The causes of the departure

Peasants excluded from the agricultural circuit could find no different employment in a country still at the beginning of industrialization. Francesco Saverio Nitti icastically argued that for them, oppressed by the exploitation of the masters and rich only in debt, the choice was "brigands or emigrants." He also hoped that emigration would become a factor of modernization. Emigrants would "study and import" upon their return the mentality, rules and rhythms of modern times. Thus, to put it in words that could not yet be in Nitti's vocabulary, Christ would be able to continue his journey south of Eboli. (1)

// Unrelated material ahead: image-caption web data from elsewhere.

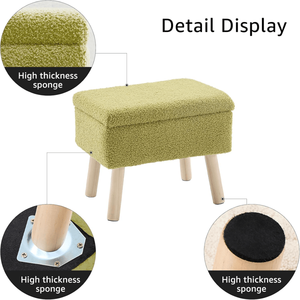 Green Rectangular <b>Storage</b> Ottoman <b>with</b> Teddy Fleece Upholstery Solid Wood Legs Foot <b>Stool</b> Bench for Entryway - Product Image 2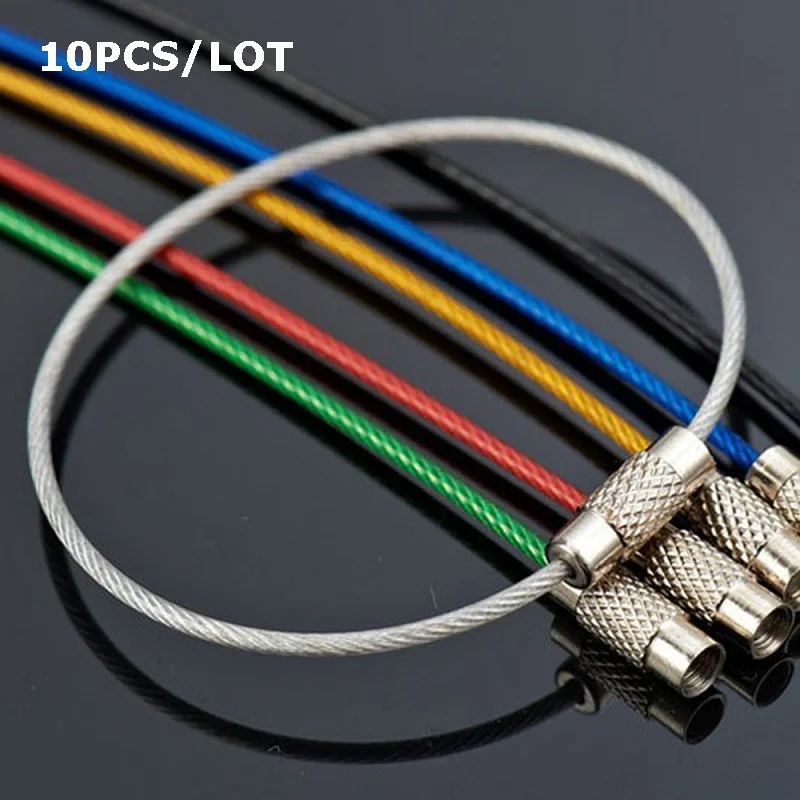 

10Pcs Multi Tools Stainless Steel Wire Ring Rope Keychains Screw Locking EDC Carabiner Cable Ring Keyring for Outdoor Hiking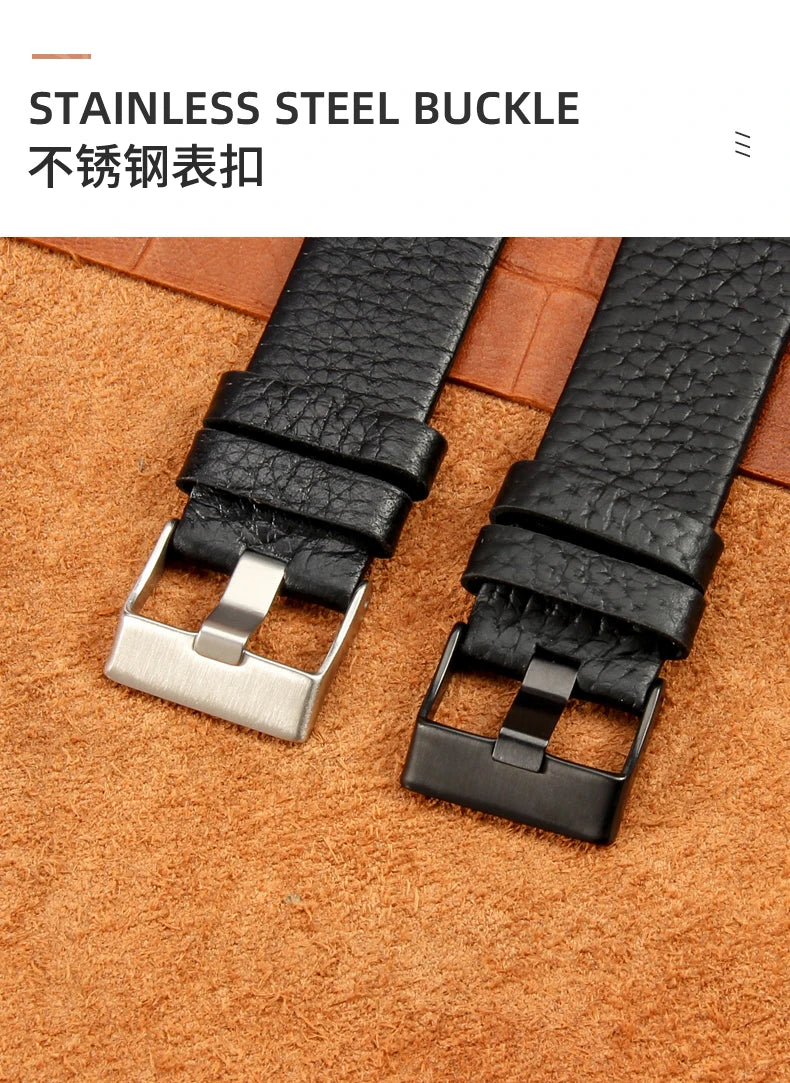 Cow Leather Watch Strap for Diesel Dz4323 1657 4318 DZ7312 DZ7257 Watchband 24 26 28 30mm Watch Bracelet Belt Black Brown White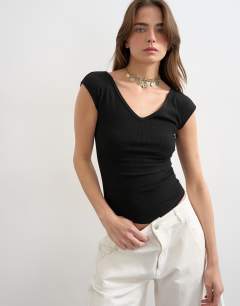 Model wearing Rib v-neck cap sleeve tank in black
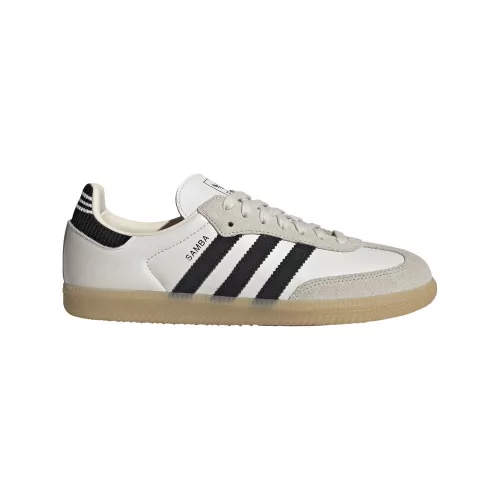 Adidas Samba OG Cloud White Core Black nízke streetové tenisky biele-čierne — produktová fotografia na bielom pozadí, bočný pohľad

In other regions the nascent mechanized industry cut skilled artisans and skilled laborers out of the labor market. They went to other countries because they offered better opportunities to achieve economic and social goals that were difficult to achieve at home. Men for whom emigration was only one of the possible life choices.

The decision to leave was often made on the call from abroad of relatives or friends and also found comfort in the "emigrant guides" very often produced by countries that wanted to attract labor from Europe. They showed images of paradise on earth: boundless plains with exuberant vegetation, neat houses, orderly city districts.

(1) Carlo Levi, a young intellectual from Turin, in the years of fascism was sentenced to confinement in Lucania where he wrote the novel "Christ Stopped at Eboli." The title echoed a peasant saying to signify that his own world was still outside history.